- _EXERCISE OBJECTIVE_: Quote all of the data exactly as given. Skip every picture it contains.

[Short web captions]
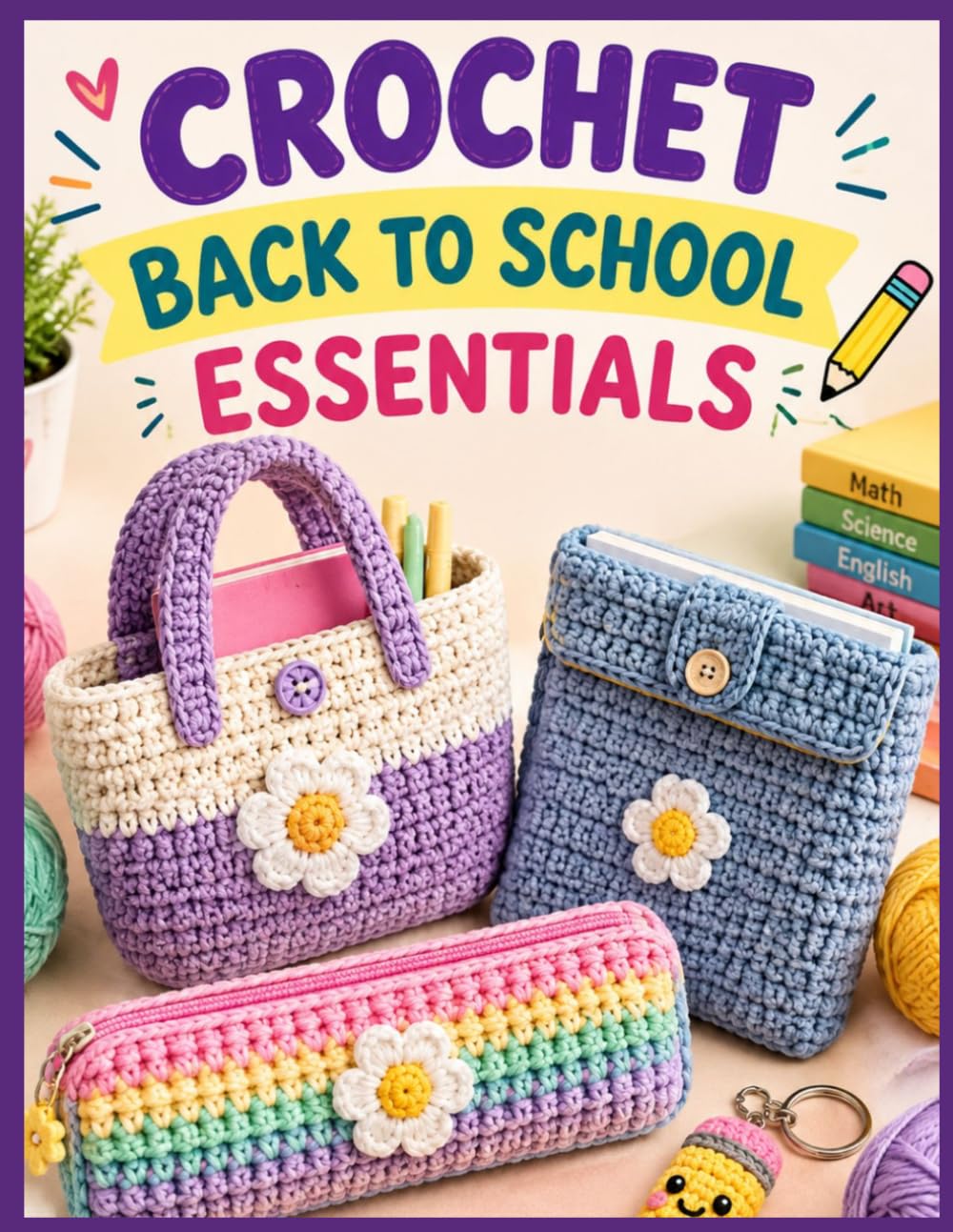 Crochet Back to School Essentials: 4 Easy and Fun Projects for Beginners – Pencil Pouch, Tote Bag, Book Sleeve & Keychain with Step-by-Step Pictures and Stitch Guide baixar o livro de graça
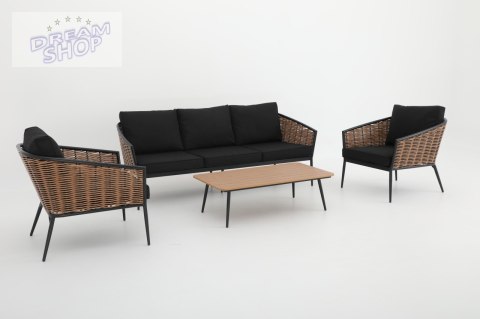 Duży Zestaw Mebli Ogrodowych Aluminiowe Sofa + Dwa Fotele + Stolik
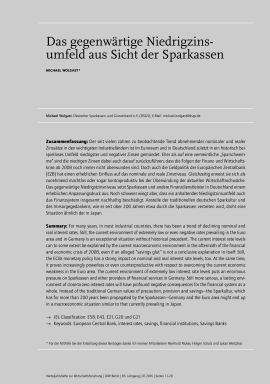 Das gegenwärtige Niedrigzinsumfeld aus Sicht der Sparkassen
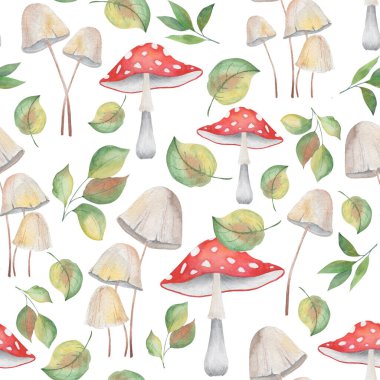 Kusursuz desen, suluboya çizimi, mantar ve yaprakların resmi, kumaş ve duvar kağıdı süsü, ambalaj kağıdı.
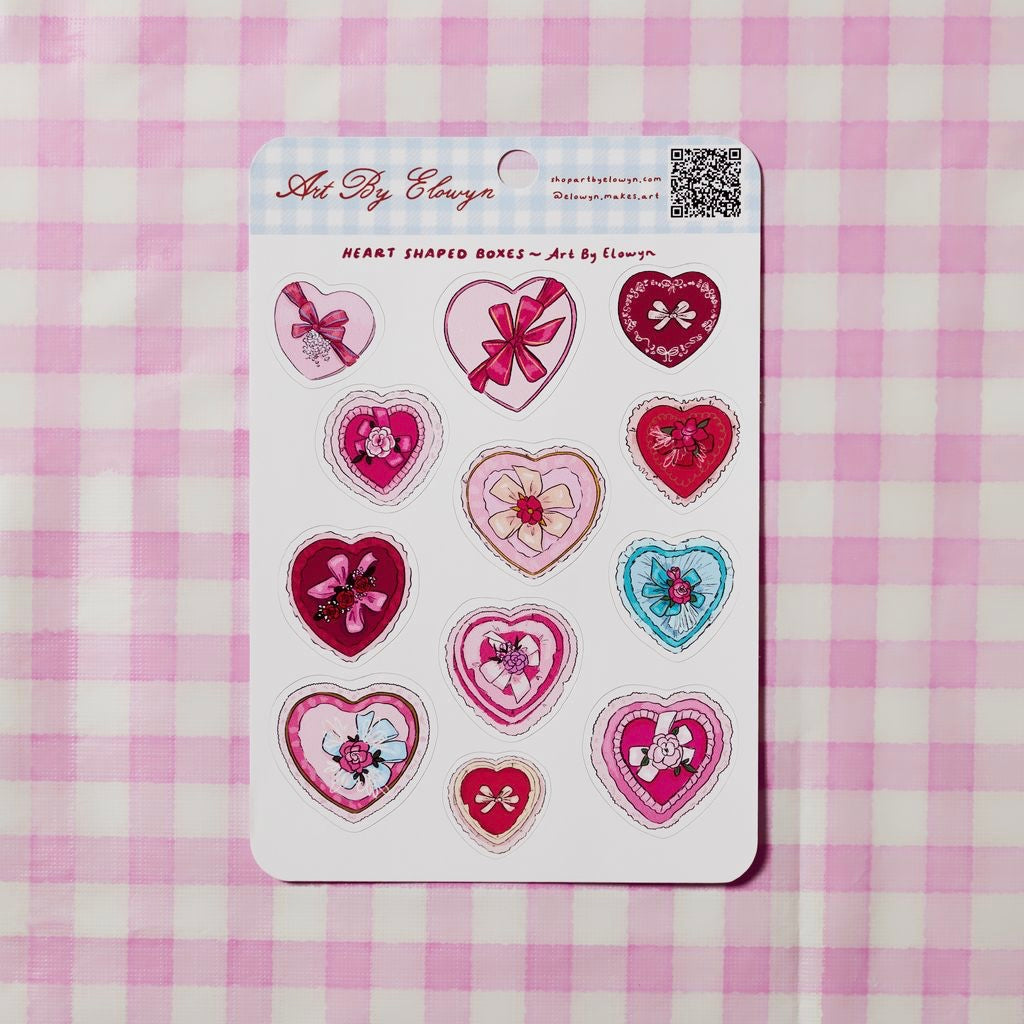 Heart Shaped Boxes Sticker Sheet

- _SOLUTION_:
 Crochet Back to School Essentials: 4 Easy and Fun Projects for Beginners – Pencil Pouch, Tote Bag, Book Sleeve & Keychain with Step-by-Step Pictures and Stitch Guide baixar o livro de graça
 Duży Zestaw Mebli Ogrodowych Aluminiowe Sofa + Dwa Fotele + Stolik
 Das gegenwärtige Niedrigzinsumfeld aus Sicht der Sparkassen
 Kusursuz desen, suluboya çizimi, mantar ve yaprakların resmi, kumaş ve duvar kağıdı süsü, ambalaj kağıdı.
 Heart Shaped Boxes Sticker Sheet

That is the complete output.